→ DATA EXTRACT
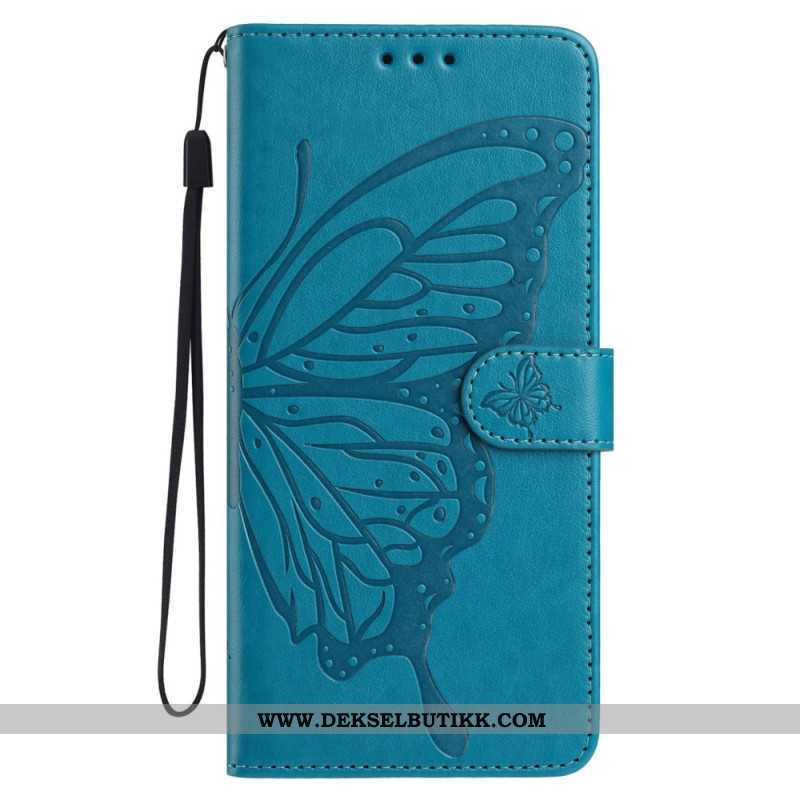 Folio Deksel Samsung Galaxy A17 4g / 5g Sommerfugldesign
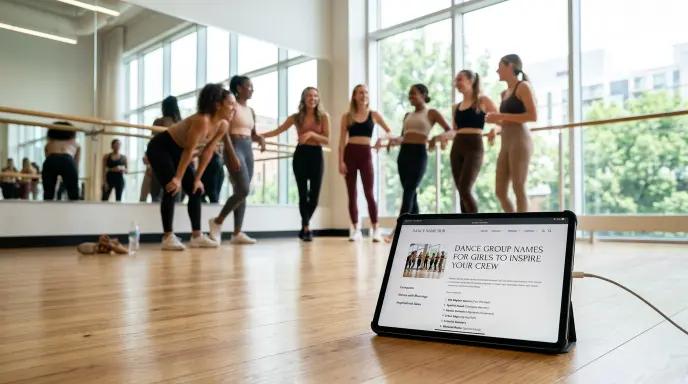 dance group names for girls to inspire your crew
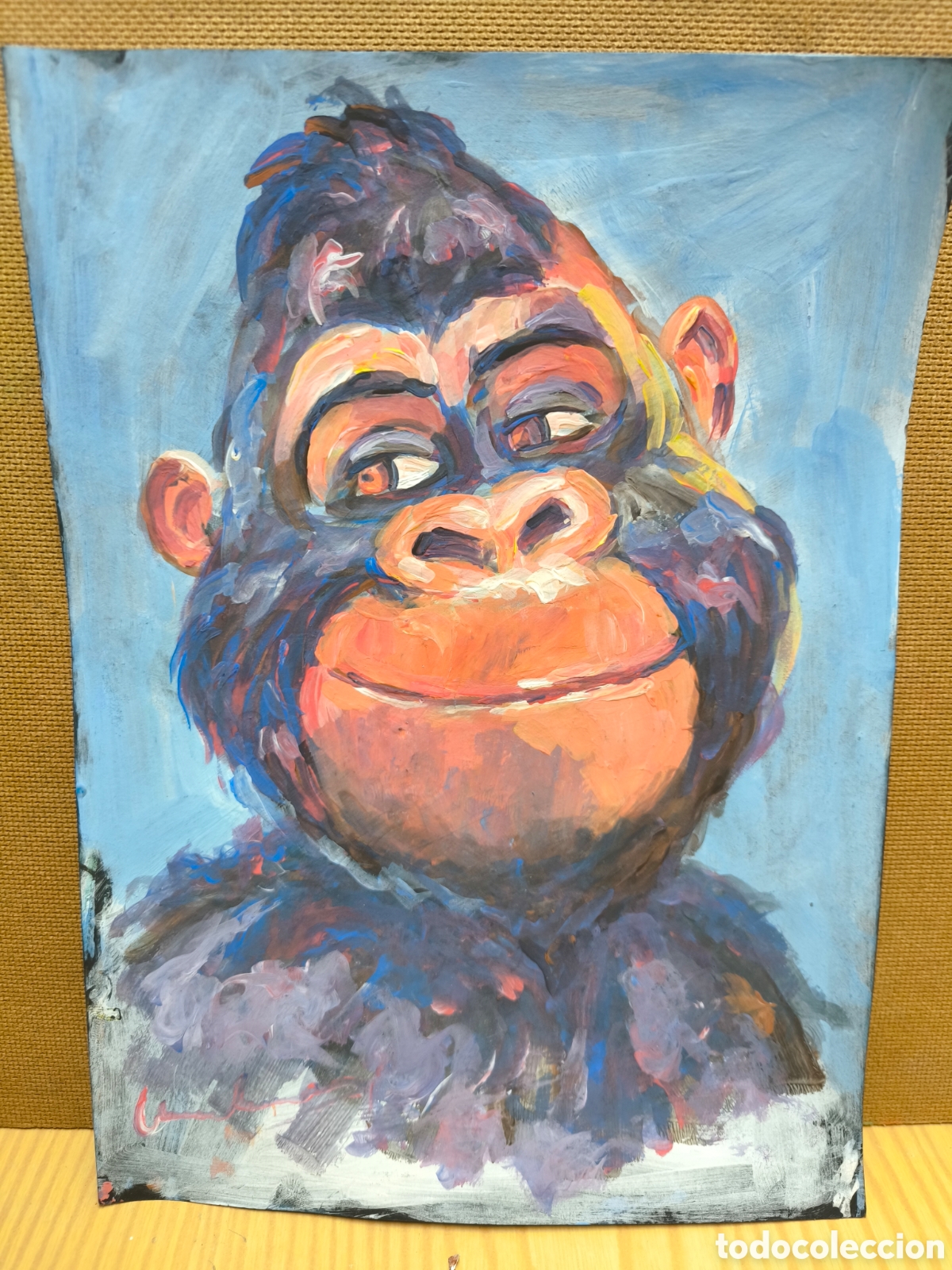 Arte: Gorila ( art ) impresionista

→ WHAT NEEDS TO BE DONE
Every line above should be reproduced exactly, please, with no pictures included.

→ THE COMPLETED TASK
 Folio Deksel Samsung Galaxy A17 4g / 5g Sommerfugldesign
 dance group names for girls to inspire your crew
 Arte: Gorila ( art ) impresionista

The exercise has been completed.